Posted by: oj at April 18, 2004 8:58 PM

Orrin--

What I don't understand are the number of reviewers and viewers who fail to understand how flawed Murray and Johansen's characters are in the movie. Yes, Japan is weird and they don't fit in-- but these are people who don't fit in in their own lives. From Murray's conversations with his wife on the phone, and from Johansen's with her boyfriend, it's clear that they wouldn't fit in anywhere.

It's an indictment of these two individuals, not Japan. We're seeing Japan through the eyes of disturbed and atomized individuals.

If one reads The Bell Jar, one doesn't read it as saying that America, or Massachusetts, or college, or NYC, or magazines are insane. You read it as Sylvia Plath being depressed, and that her lens of depression infects how she views things.

Posted by: John Thacker at April 18, 2004 10:31 PM

John:

Are you saying that what we see shouln't be trusted? Remember when Murray gets stuck on the exercise equipment and there is no human being anywhere nearby to help him? Everything is automated because there are no people to do the jobs. You end up with no human contact or connections.

Posted by: oj at April 18, 2004 11:00 PM

The movie was an acting class exercise that would not have been released if Sophia's last name was Jones. Oh yes and Phantom Menace just sucked.

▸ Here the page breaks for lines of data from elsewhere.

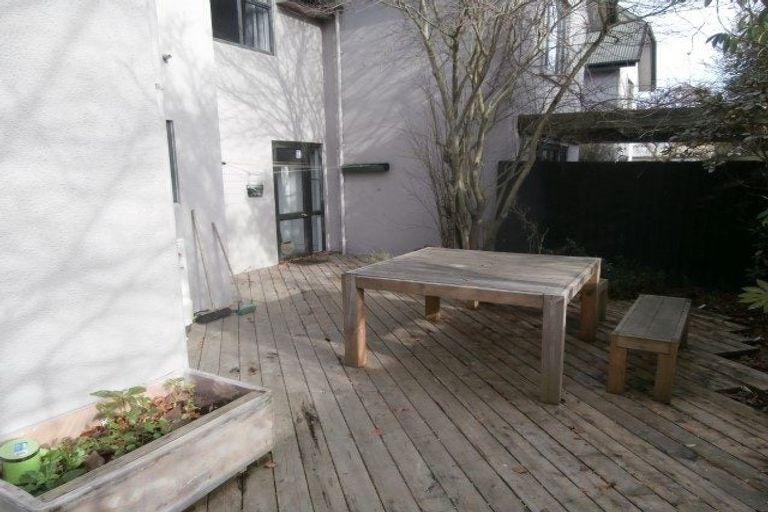 Photo of property in 5/4 Brockworth Place, Riccarton, Christchurch, 8011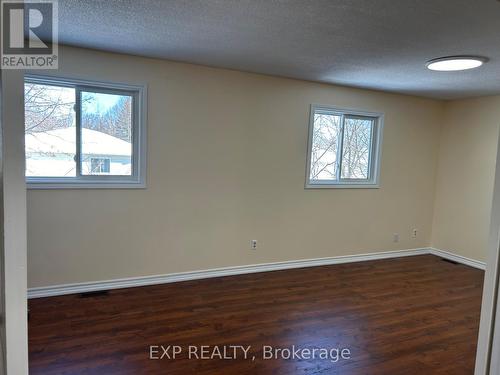 460 Grove St E, Barrie, ON - Indoor Photo Showing Other Room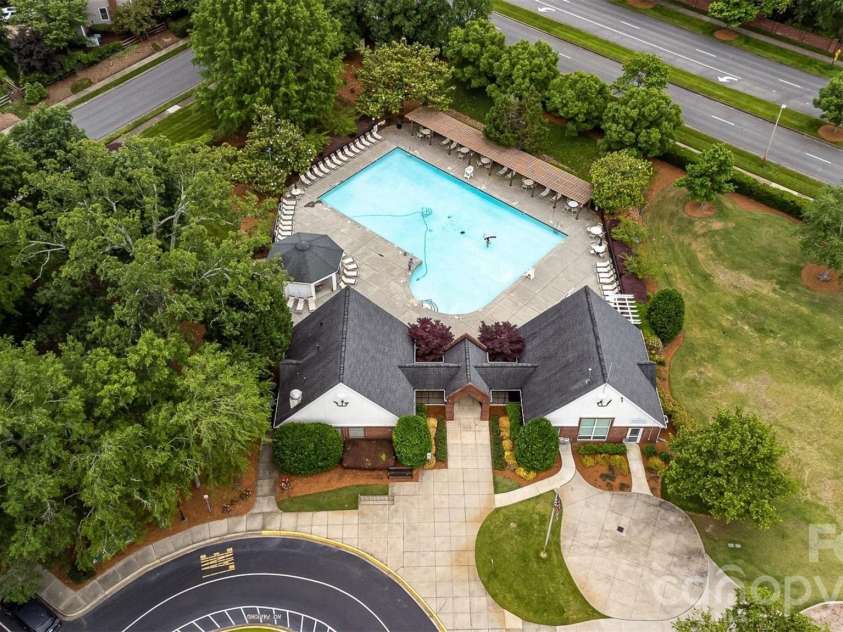7924 Fairmeadows Drive, Charlotte, NC 28269.  MLS# CAR4305161, YatesRealty ID 15230.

Posted by: Robert Schwartz at April 19, 2004 3:19 AM

Sheesh. By this standard, Tampopo is racist, too. Too bad about Itami being Japanese and all that...

Posted by: Kirk Parker at April 19, 2004 3:36 AM

Robert,

agree wholeheartedely, Lost in Translation was incredibly overrated. Coppola has yet to do anything worthwhile. She will be nowhere in a few years when the reality catches up to her hype.

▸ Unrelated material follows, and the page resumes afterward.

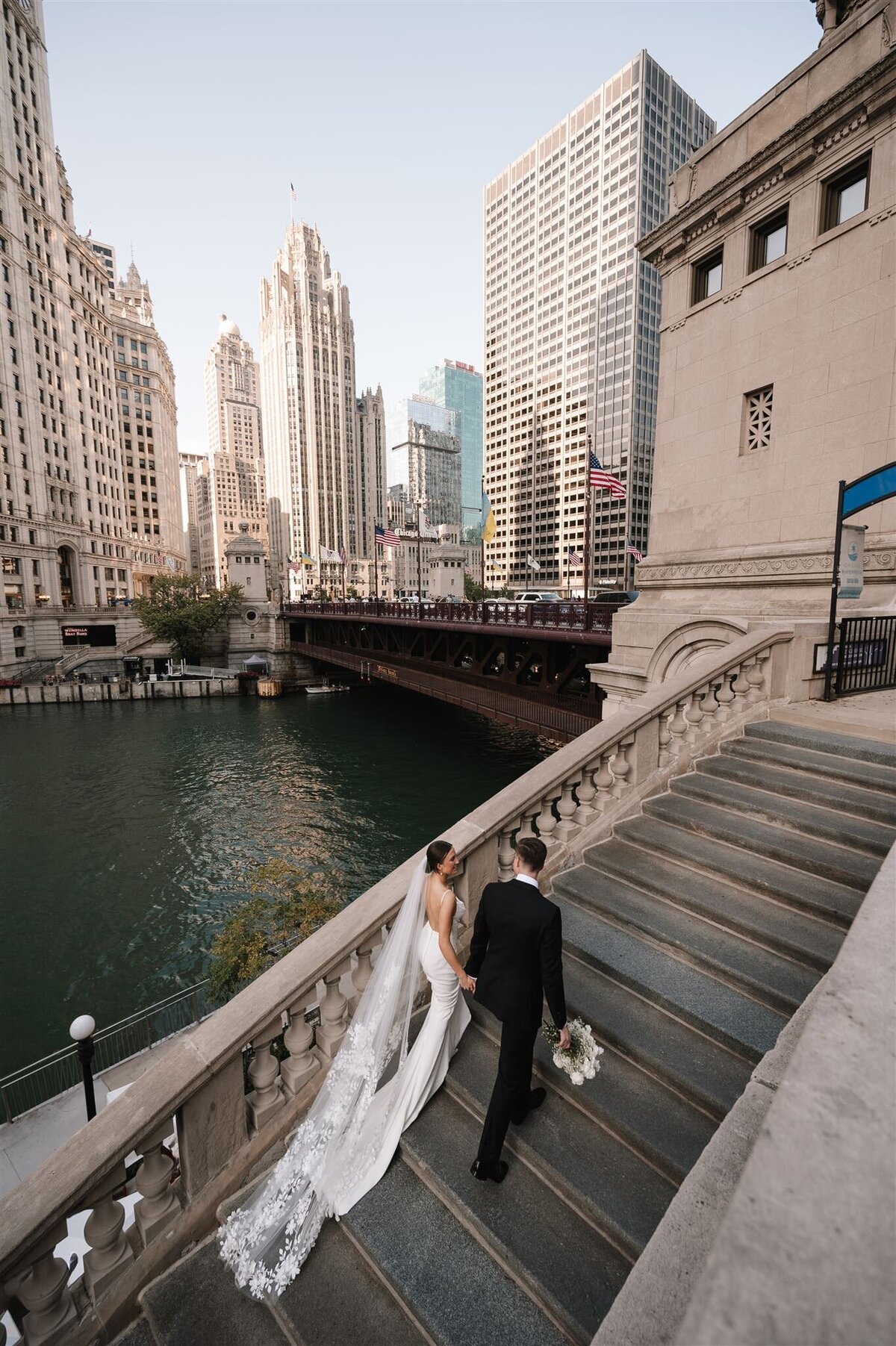 walden-downtown-chicago-riverwalk-wrigley-building-wedding-photos-melissa-ferrara-photography01001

The movie was stereotyped, for sure, but more to the point, Johansen was a boring absorbed actress, Murray was dry (as much as I like him) and most importantly the scenes, one after another were ineffective and boring. I found myself asking halfway through, is this it, is this it?

Coppola's point about the automation of life and lonliness, yeah ok, great, but those point should be part of a much greater picture, not the actual plotlines.

Posted by: neil at April 19, 2004 7:09 AM

The movie was, unfortunately, way overhyped. That's a pity because it is a good little flick, and Coppola deserves credit for it. Unfortunately, because of the excess hype, her next film will be burdened with unfairly high expectations.

The poster who commented that it's the main characters who are criticized most severely is spot on. Japanese society isn't so much criticized (though it is lampooned) as it used as a backdrop to show how empty the main characters are by forcing them to be alone with themselves.

As for nepotism in Hollywood, well, that's an old story. I'd say anywhere from 20-30% of the people working in the American film industry are there because of family connections. Think Michael Douglas, the Huston family, Kate Hudson, Alan Ladd, Jr., etc. Coppola is neither the first to benefit from a family connection, nor will she be the last. At least she used her access to make at least one enjoyable film.